**Action item**
Only the lines from the one containing "2020 Lincoln MKZ Reserve" through the end of the entries are to be copied, exactly and without pictures, please.

Source records
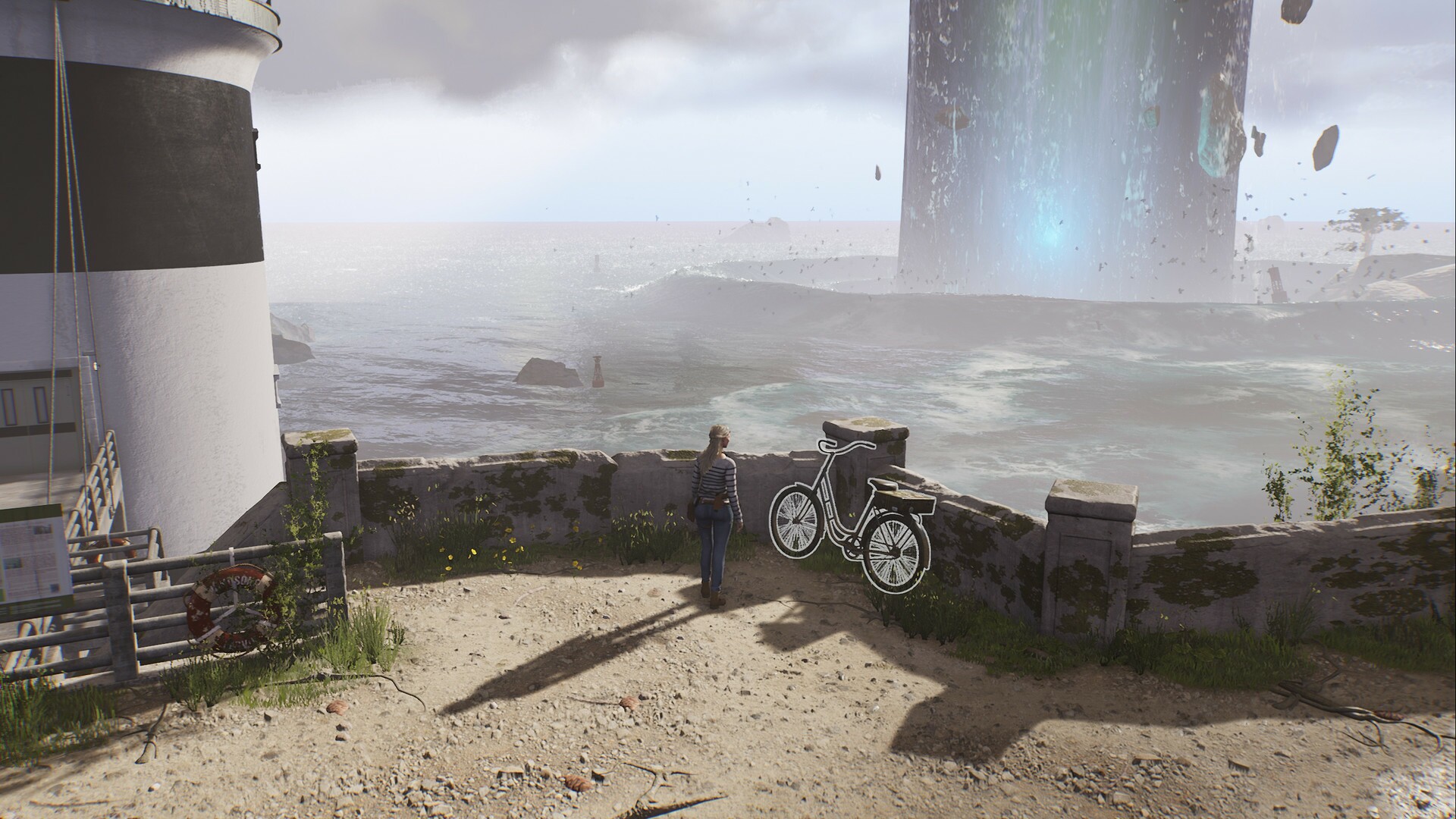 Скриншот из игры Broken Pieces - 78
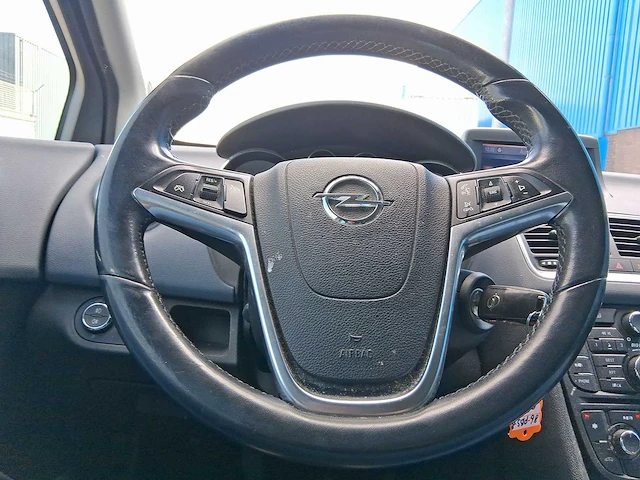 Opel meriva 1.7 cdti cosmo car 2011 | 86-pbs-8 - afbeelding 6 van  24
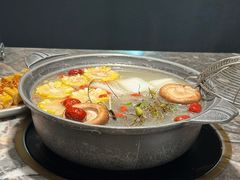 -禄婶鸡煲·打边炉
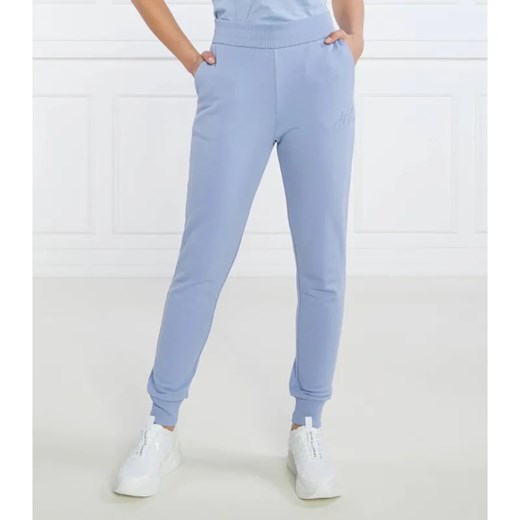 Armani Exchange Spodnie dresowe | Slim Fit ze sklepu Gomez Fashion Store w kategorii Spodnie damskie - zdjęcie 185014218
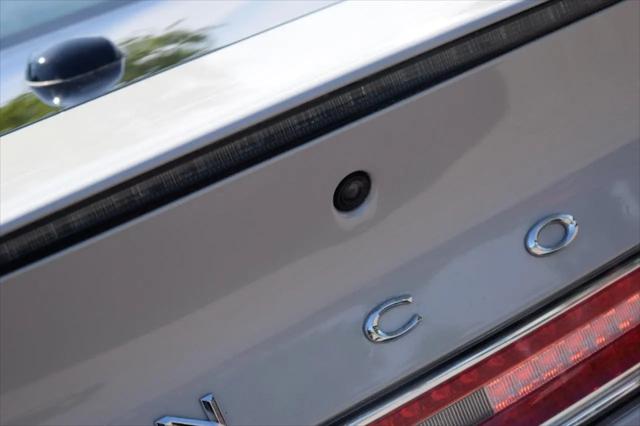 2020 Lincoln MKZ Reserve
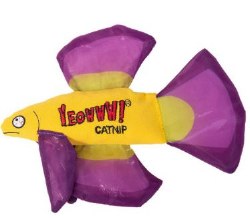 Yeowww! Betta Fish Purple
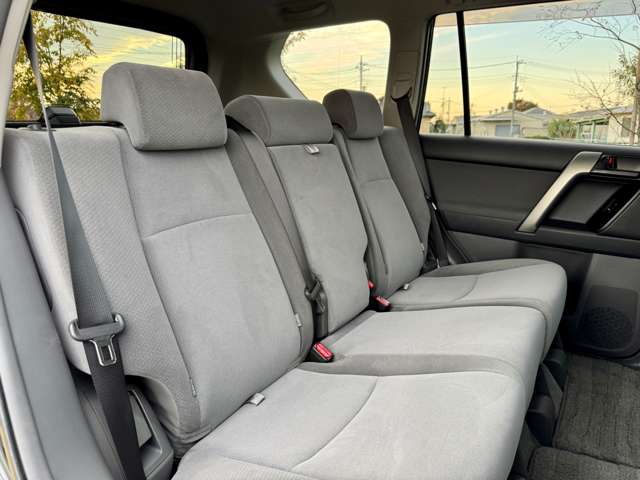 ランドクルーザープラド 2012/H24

**Written response**
 2020 Lincoln MKZ Reserve
 Yeowww! Betta Fish Purple
 ランドクルーザープラド 2012/H24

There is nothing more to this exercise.